Vanessa Jane Hall is enthusiastic about the Villum Experiment trial with anonymised submission processes.

“In the United States, it is more usual to anonymise funding applications. And if the Villum Foundation can show that it actually makes sense to anonymise the applicants, then maybe other funds will follow suit. It is my impression that many people are interested in finding out whether they can do things differently,” she says.

Focus on gender diversity

One of the funds that also focusses on gender diversity, is the Innovation Fund Denmark. The board of directors consists of 44.4 per cent women. There is a reason for this,” explains head of communications Pernille Rype.

We hope to find out how we can get more women to apply – and we encourage universities to also ensure that more women researchers apply to us. Because we cannot change things alone

Pernille Rype, head of communications at the Innovation Fund Denmark

“It’s the Ministry of Research and Education which appoints the board of directors. And this is something that there has been a focus on. Also in the management group, which I am a part of. Here there are two men and three women. And it is something that our director has a focus on in the entire organisation.”

At the Innovation Fund Denmark, they are working out a diversity policy with specific targets.

“We have found a bias where more men than women apply for our grants. At the beginning of October, we presented an analysis with McKinsey that examines how we can get more talented women in play and how we can improve the gender balance in STEM subjects. At the Innovation Fund Denmark, we have just presented several initiatives that focus on gender diversity. We are in the process of appointing female ambassadors in all our programmes. We have planned to run a pilot project with our entrepreneurial programme, Innofounder, where we look at the entire application process and the way we describe and market the scheme. And we are looking at whether we can anonymise application processes, ” Pernille Rype explains.

The plan is that Innovation Fund Denmark uses the lessons learned from the entrepreneur project InnoFounder in other areas. And the fund is reviewing their application processes in general.

“We are reviewing our application form for research projects, Grand Solutions, and the idea is that we interview a number of qualified female researchers to hear why they have not applied. We hope to find out how we can get more women to apply – and we encourage universities to also ensure that more women researchers apply to us.

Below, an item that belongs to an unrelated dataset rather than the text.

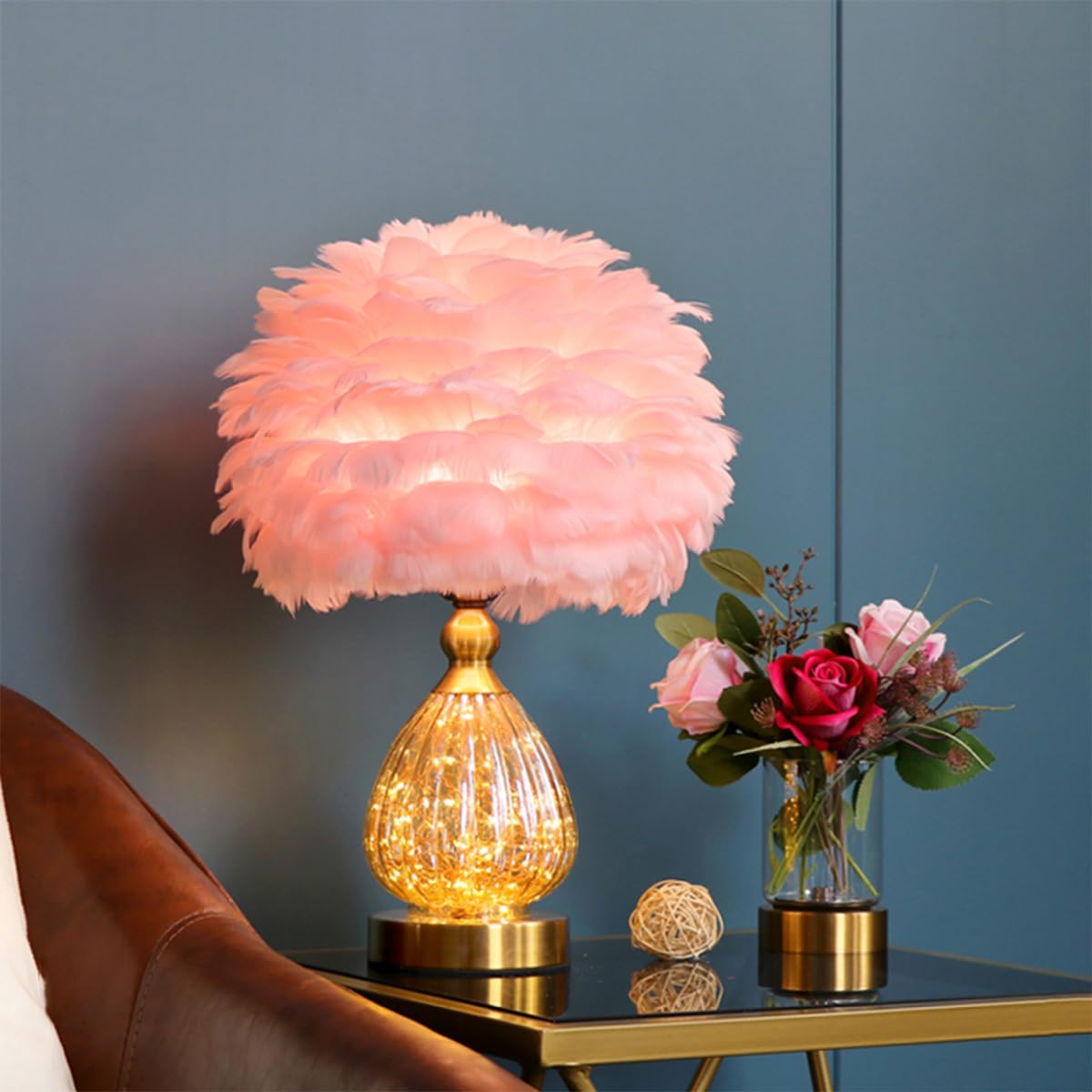 Kristall Feder Tischlampe mit Lichterkette, Romantische Luxus Nachttisch und Schreibtisch Beleuchtung für Wohnzimmer, Schlafzimmer, Hochzeitsgeschenk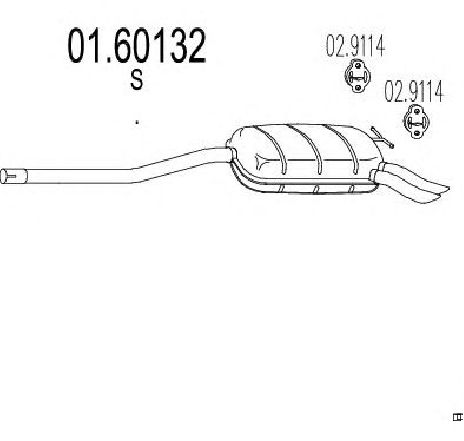 Toba esapament finala MTS 01.60132</br>Piesa auto pentru Sistemul de esapament Toba esapament finala MTS 01.60132</br>Piesa auto pentru Sistemul de esapament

Because we cannot change things alone,” says Pernille Rype.

Collecting signatures

As a part of the campaign Vanessa Jane Hall has started a petition to improve the gender balance in research. One of the objectives is to focus more on the gender balance in both the boards of the Danish research funds, but also among researchers who receive grants from the funds.

226 Danish and foreign researchers have signed the petition so far. When 500 have signed, the signatures will be sent to the research funds and to Minister for Research and Education Tommy Ahlers.

I hope that there will be more women in the funds’ boards of directors when you check back in a year or two

Vanessa Jane Hall, founder of the ‘Promote Me’ campaign

“So far, the site has been shared on social media. I hope that it reaches people at the universities and sets off a debate on gender balance in research. I have got a good response from both male and female researchers. If there is any negative feedback, I haven’t heard it yet,” says Vanessa Hall, laughing.

“It seems as if there is a greater focus on diversity in research and that things are about to change. Many research funds already have a policy on gender equality and diversity. ”

What do you hope to achieve with the campaign?

“I hope to create a greater awareness that there is a gender imbalance. And that all the funds will consider how their application processes work. And if they are having problems with gender diversity, to draw inspiration from others who have achieved good results. I hope that there will be more women in the funds’ boards of directors when you check back in a year or two,” says Vanessa Jane Hall.